By Kody Phillis & Brian V. Jenkins
Microelectronics production generates various types of wastewater. Typically, wastewater contaminants are heavy metals (copper, lead, nickel, cadmium). Proper control of heavy metals in the fab effluent is important for several reasons. First, it is environmentally responsible, and allows the fab to be a good neighbor in its community. Secondly, it can pay solid economic returns and is often the basis for various water reuse/reclaim scenarios.
This article reports on treatment concerns at a fab that makes advanced semiconductors in the northwestern United States. The fab regularly trucks out high-concentration, copper-chelated wastewater. The average soluble copper level in this wastewater is 2,500 to 3,500 parts per million (ppm) at a pH of 0.8. Approximately 4,000 gallons of this wastewater was transported every four days, with an estimated truck-out cost of $15,000 per load. As the fab entered its ramp-up cycle, both the volume of wastewater and the truck out costs escalated. Overall, total site copper discharge limits are 3 pounds per day.

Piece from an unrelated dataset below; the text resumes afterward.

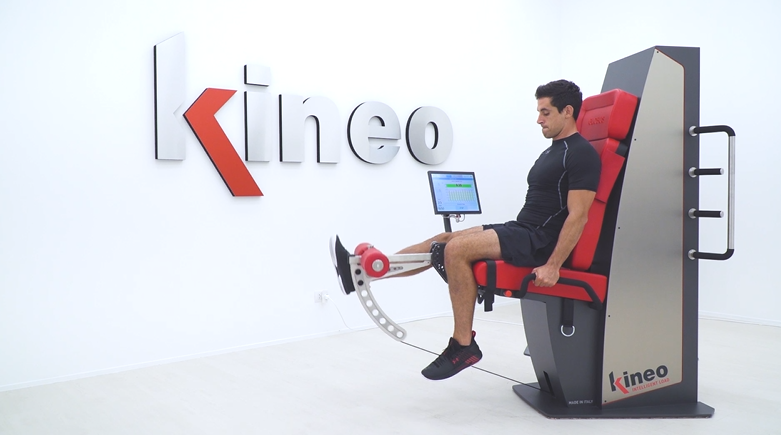 Kineo Globus : la solution isocinétique qui transforme la rééducation en cabinet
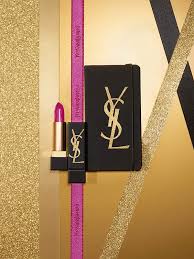 ysl reveals its gold attraction holiday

There are several ways to manage heavy metals wastewater. Some of the more common ones, and their respective advantages and disadvantages, are noted here:
Licensed disposal hauling. This method (contracting with a licensed waste hauler) is simple, and requires no investment other than storage facilities that accumulate the wastewater. Advantages of this approach are: simplicity, availability, minimal capital outlay.
Disadvantages are as follows:
- Waste hauling can become expensive.
- The price is usually based on quality, quantity, and distance.
- This disposal approach does not totally eliminate downstream liability.